Action item => For this exercise, repeat the whole listing below exactly. Leave the pictures out.

───── Material for the task ─────

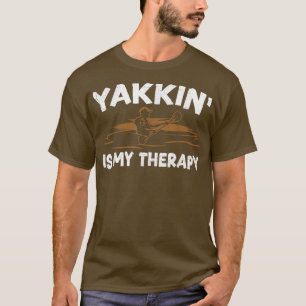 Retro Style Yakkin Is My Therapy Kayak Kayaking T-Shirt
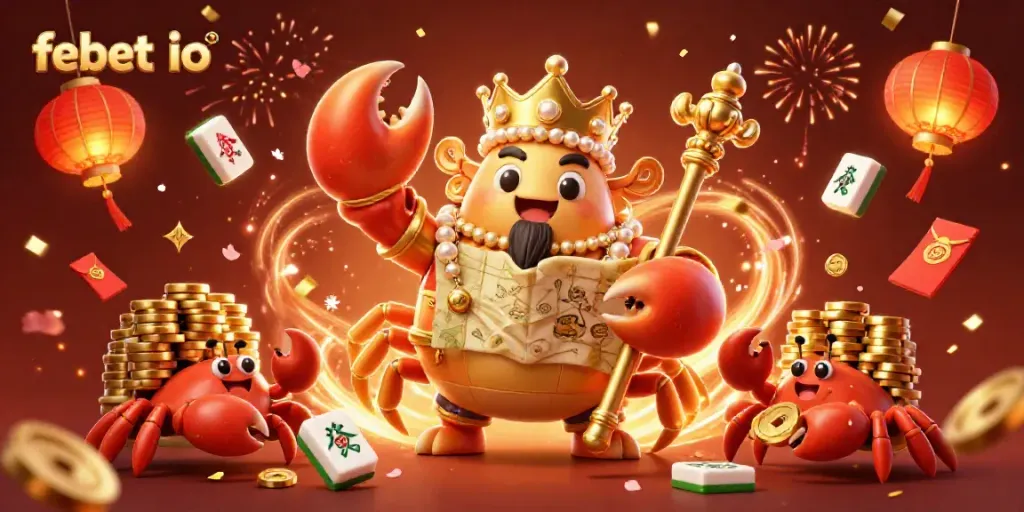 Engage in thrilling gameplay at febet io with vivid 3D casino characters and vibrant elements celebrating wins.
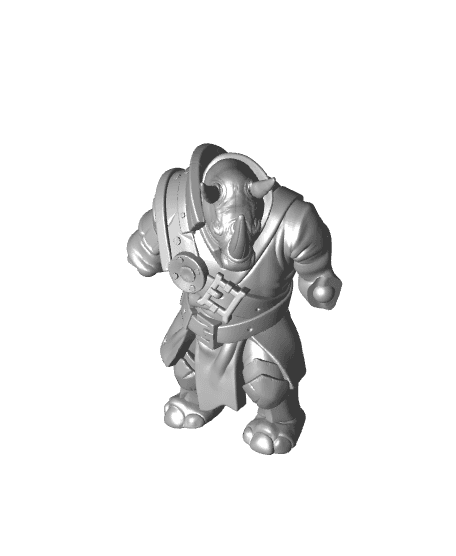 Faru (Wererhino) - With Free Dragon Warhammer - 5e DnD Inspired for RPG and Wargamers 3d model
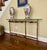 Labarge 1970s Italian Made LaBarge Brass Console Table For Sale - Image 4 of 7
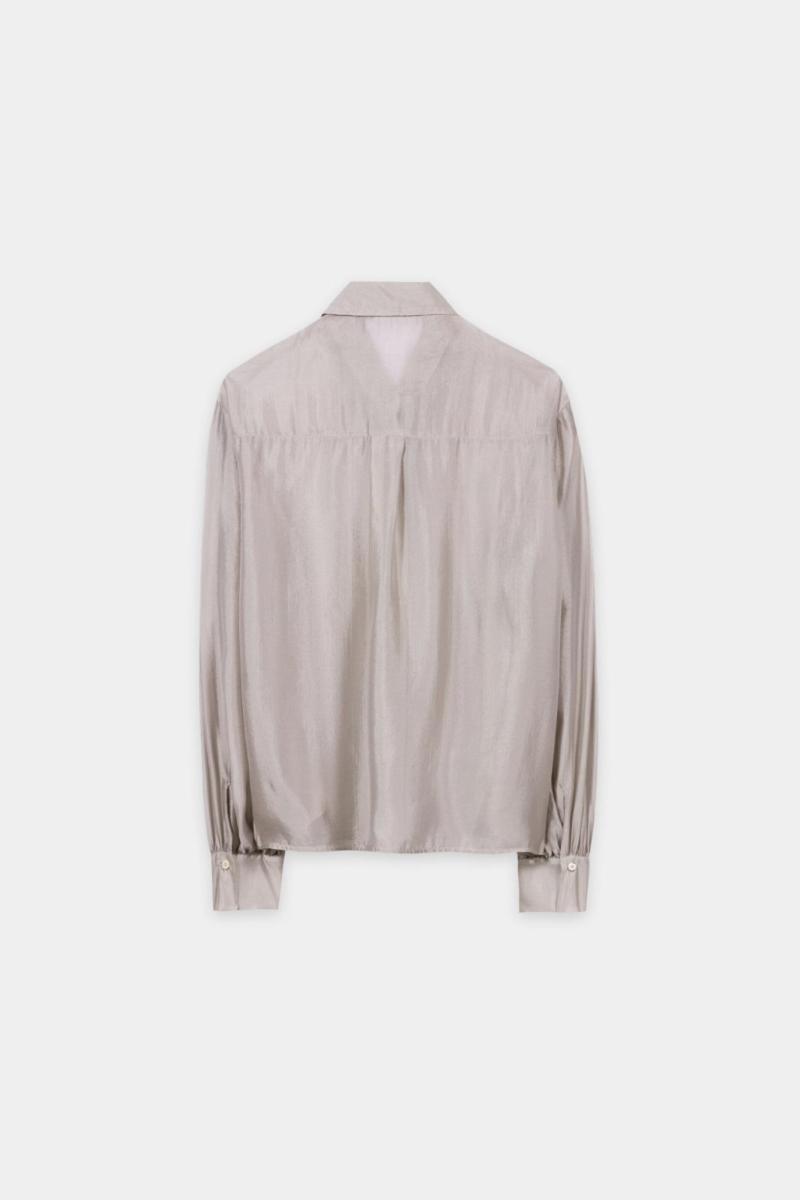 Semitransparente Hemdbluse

─────

Answer box =>
 Retro Style Yakkin Is My Therapy Kayak Kayaking T-Shirt
 Engage in thrilling gameplay at febet io with vivid 3D casino characters and vibrant elements celebrating wins.
 Faru (Wererhino) - With Free Dragon Warhammer - 5e DnD Inspired for RPG and Wargamers 3d model
 Labarge 1970s Italian Made LaBarge Brass Console Table For Sale - Image 4 of 7
 Semitransparente Hemdbluse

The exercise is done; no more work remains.